Information -
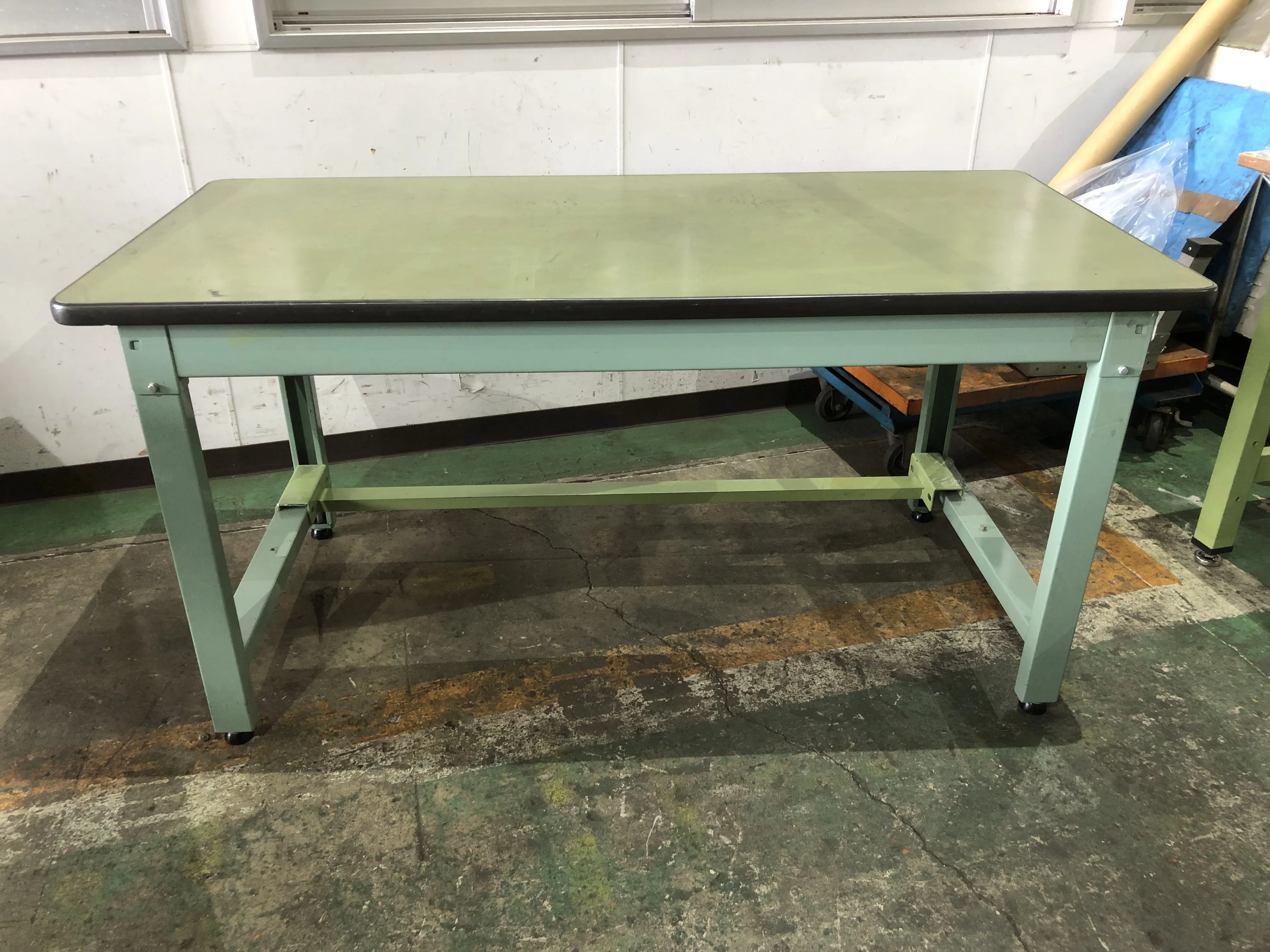 作業台 W700xD1500xH730mm / Workbench W700xD1500xH730mm TH230082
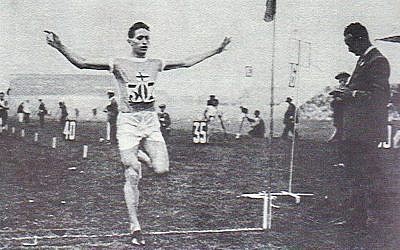 Elias Katz franchit la ligne d'arrivée au stade de Helsinki, aux environs de 1920 (Capture d'écran)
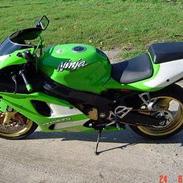 Kawasaki ZX7R 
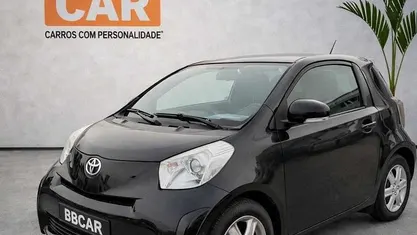 Usado Toyota iQ 68 HP (50 kW) 2010 Citadino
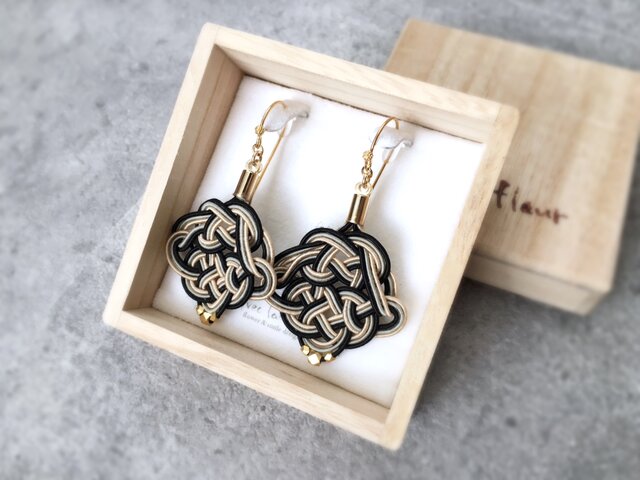 水引ドロップ型ピアス（墨×亜麻色） | iichi 日々の暮らしを心地よく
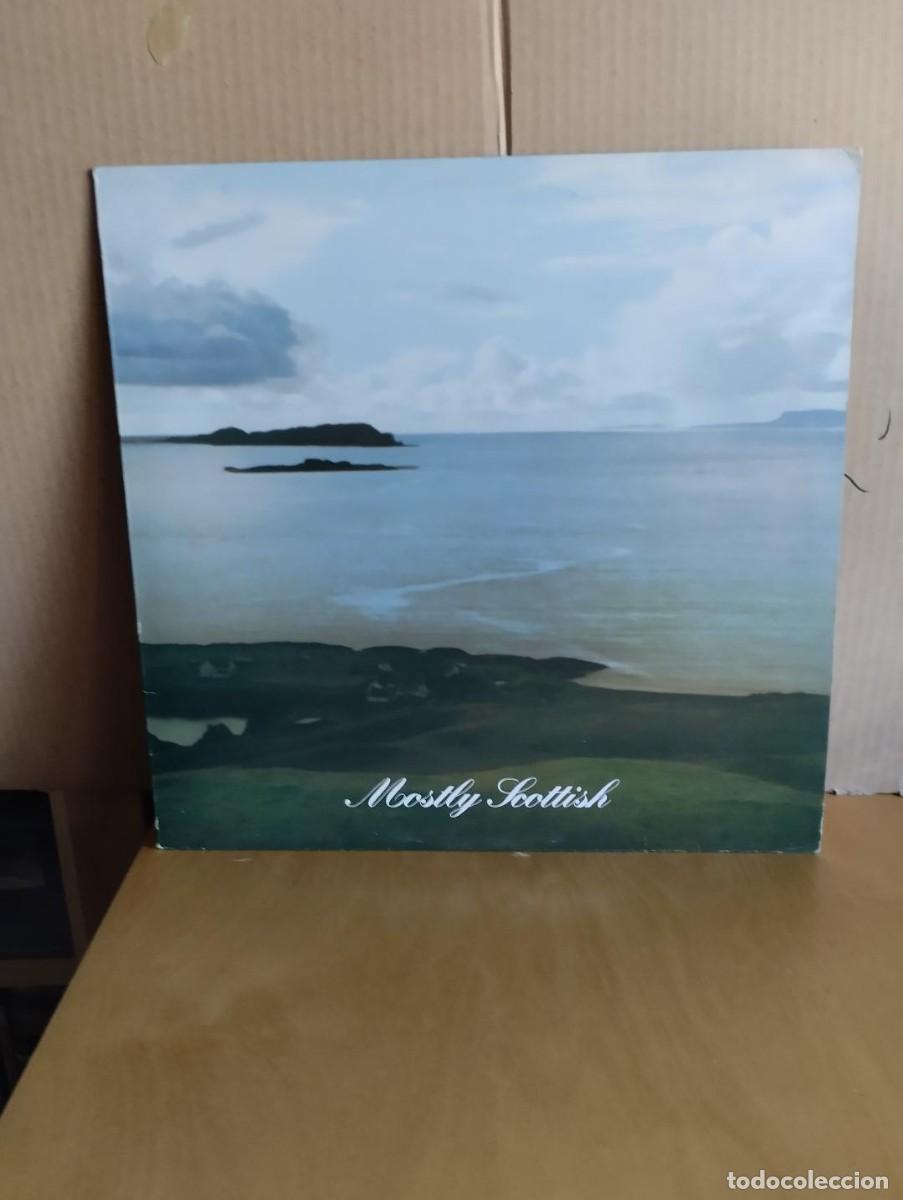 Discos de vinilo: TWENTY FEET BELOW ---- MOSTLY SCOTTISH - Foto 1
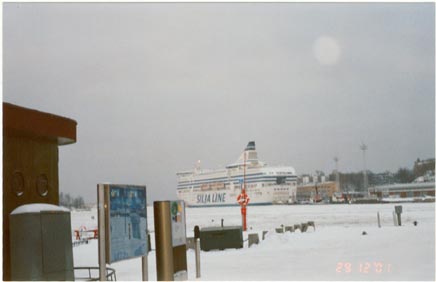 А сами финны полюбляют прокатится на паромчике *Silja line* А сами финны полюбляют прокатится на паромчике *Silja line*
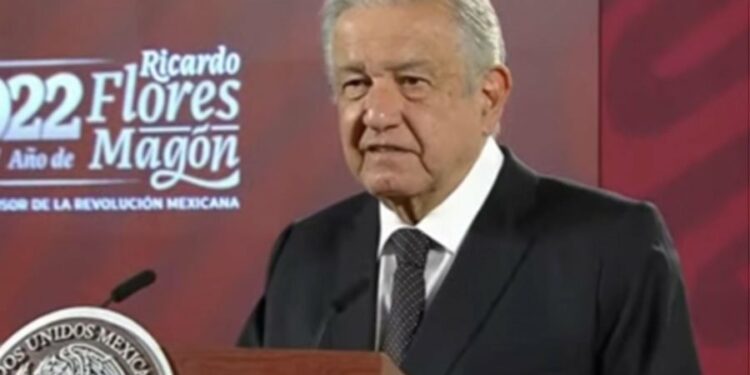 AMLO pide no vacacionar durante reactivación económica (semana santa)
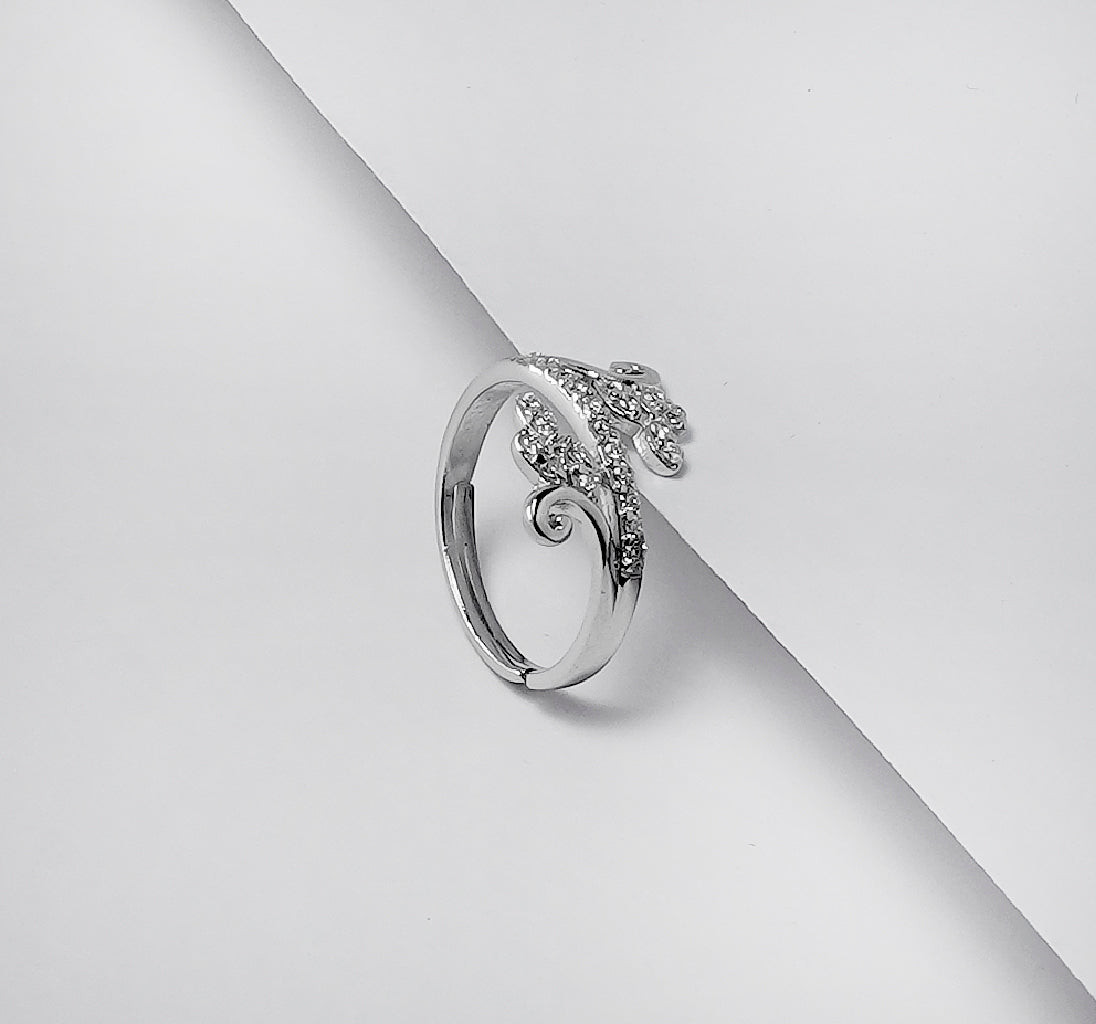 THE WAVY LEAVES SILVER RING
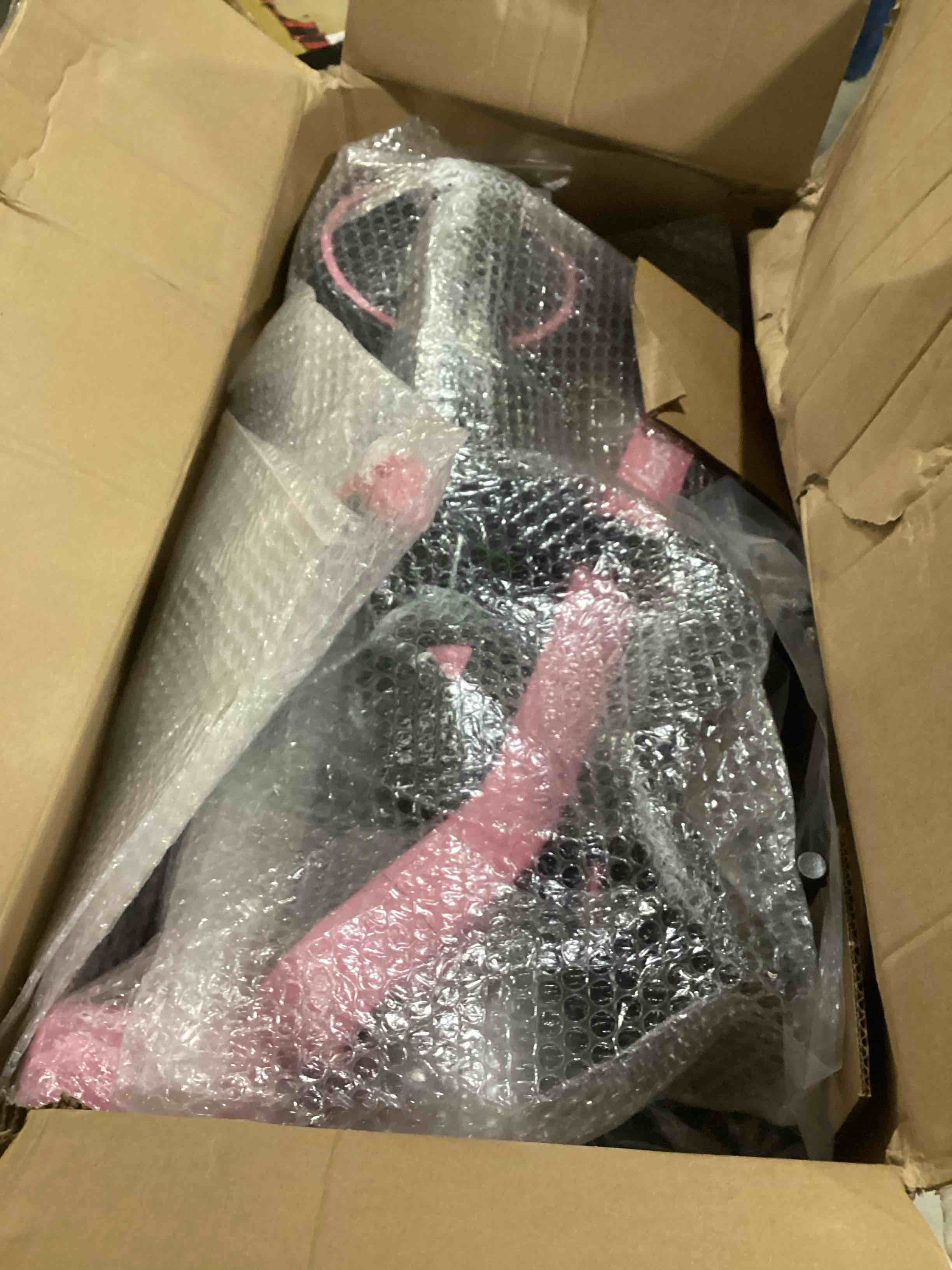 https://s3.amazonaws.com/lotting-images-prod/bidfta/ORG5793874_1724239940467.jpeg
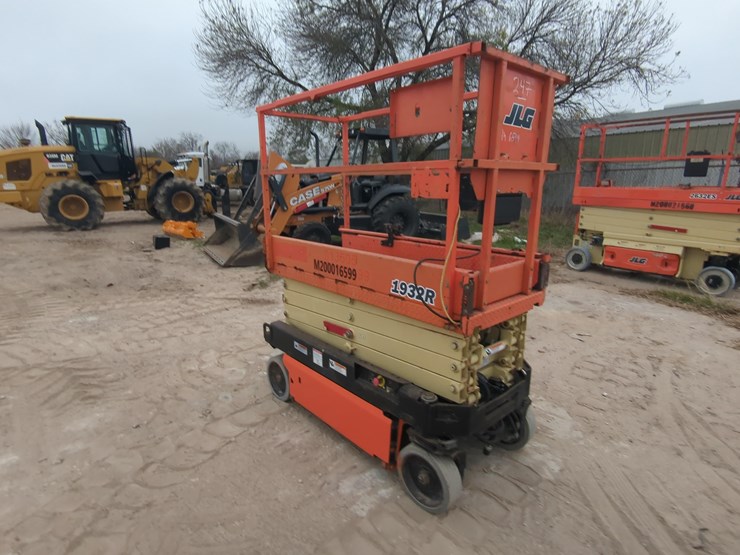 2018-jlg-1932r-image-3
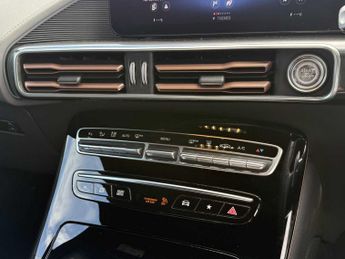 MERCEDES-BENZ EQC Eqc 400 300Kw Amg Line Edition 80Kwh 5Dr Auto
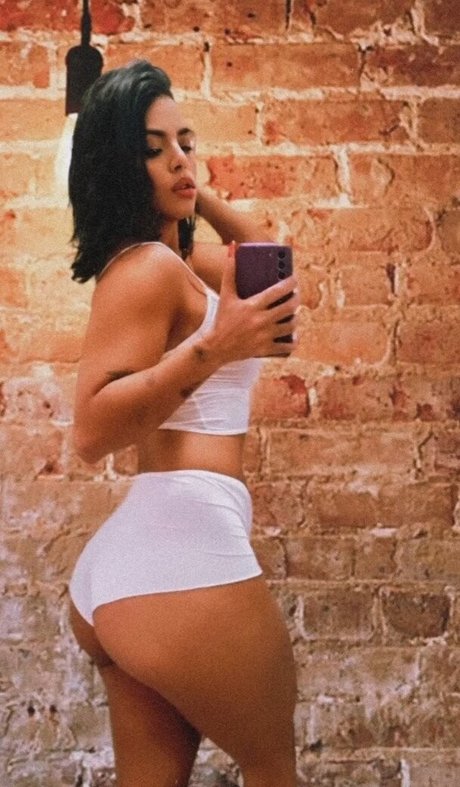 Juju Bellini nudes model photos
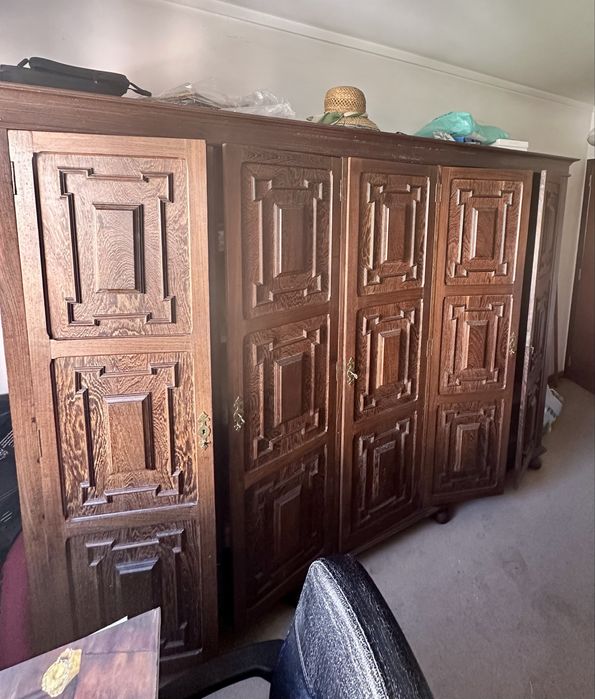Roupeiro grande de 5 portas em madeia exotica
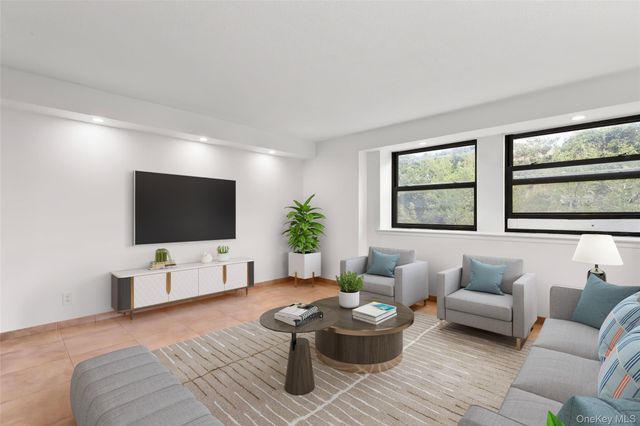 23 Water Grant Street 4N, Yonkers, NY 10701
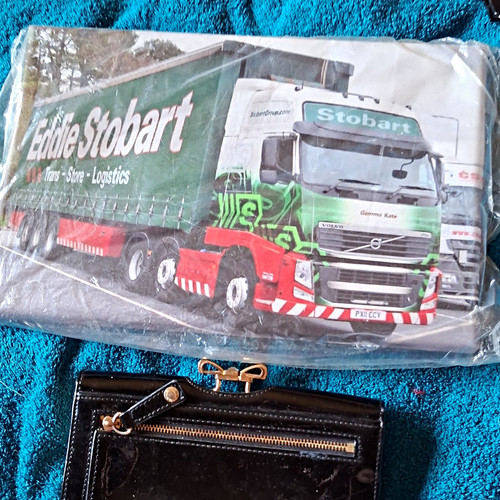 Eddie stobart volvo truck - stobart,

What the exercise asks -
Everything from the line with "23 Water Grant Street 4N, Yonkers, NY 10701" through the last line of the listing should be retyped exactly, with both end lines kept and the pictures left out.

Solved problem -
 23 Water Grant Street 4N, Yonkers, NY 10701
 Eddie stobart volvo truck - stobart,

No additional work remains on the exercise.